TYPICAL Goldman employee, stevieb. The one who might have any relevance to the Brooklyn market (granted you were discussing the market at large). I have a source inside.
But yes, the upper echelon worries not.
***Bill Thompson for Mayor (TUESDAY!!!)***
Or NOT, wasder. How’d you extrapolate a whole decade out of my outline? I said short term deflation.
***Bill Thompson for Mayor (TUESDAY!!!)***
bklyn14 — argentina was a bond default in a collapsing economic bubble at the end of an unsustainable currency regime.
an asset price bubble happens when people think there is no end to the upside in prices, like in dot-com stocks or housing, or tulips. Bonds can’t go much past their par value, because they’re anchored to it.
OK, I agree people were too relaxed about lending to argentina, so if you want to call that a bubble, fine, but when I think ASSET bubble I think speculative mania.

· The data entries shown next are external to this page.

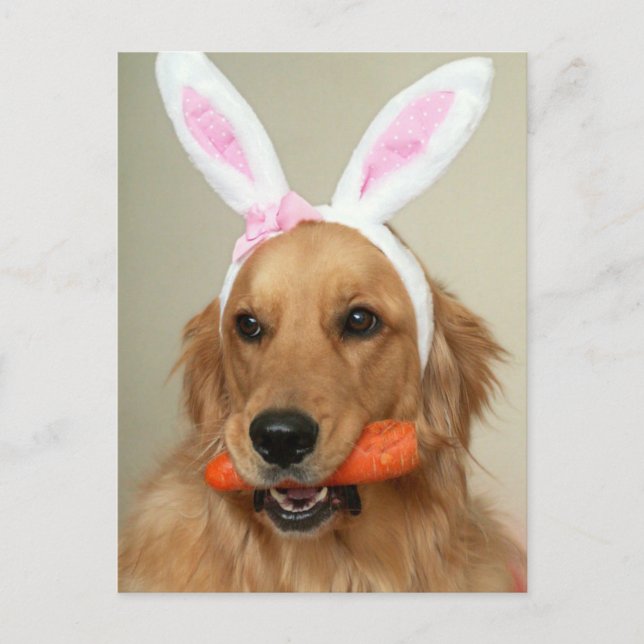 Postal Festiva Perro SIlly Golden Retriever con orejas de conejo  (Anverso)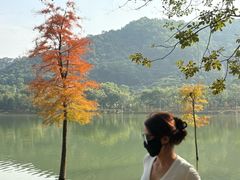 -凤岗南门山森林公园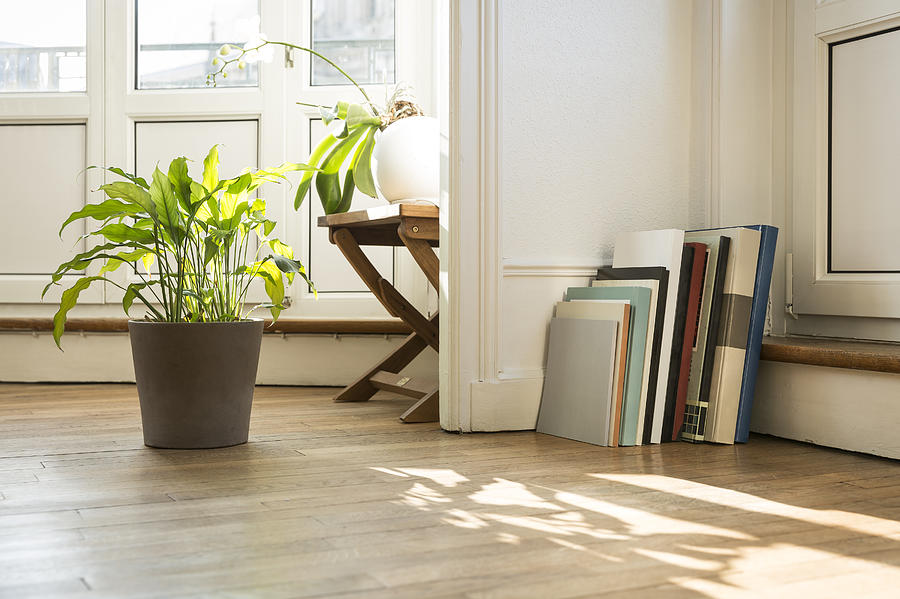 Green plants and art books on parquet floor, Nancy, France Photograph by Etienne Jeanneret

As for the US, yes, the dollar is going to be weaker in the long term. But the US is one of the only countries that borrows in the same currency it spends its money in. Argentina had to issue dollar debt to fund Peso obligations. It’s a totally different story, and we don’t have that problem.
I mean — are you worried that your swiss franc bank account is going to take a hit when you redeem your US treasury bonds and have to sell the dollars? I don’t see the reason to panic.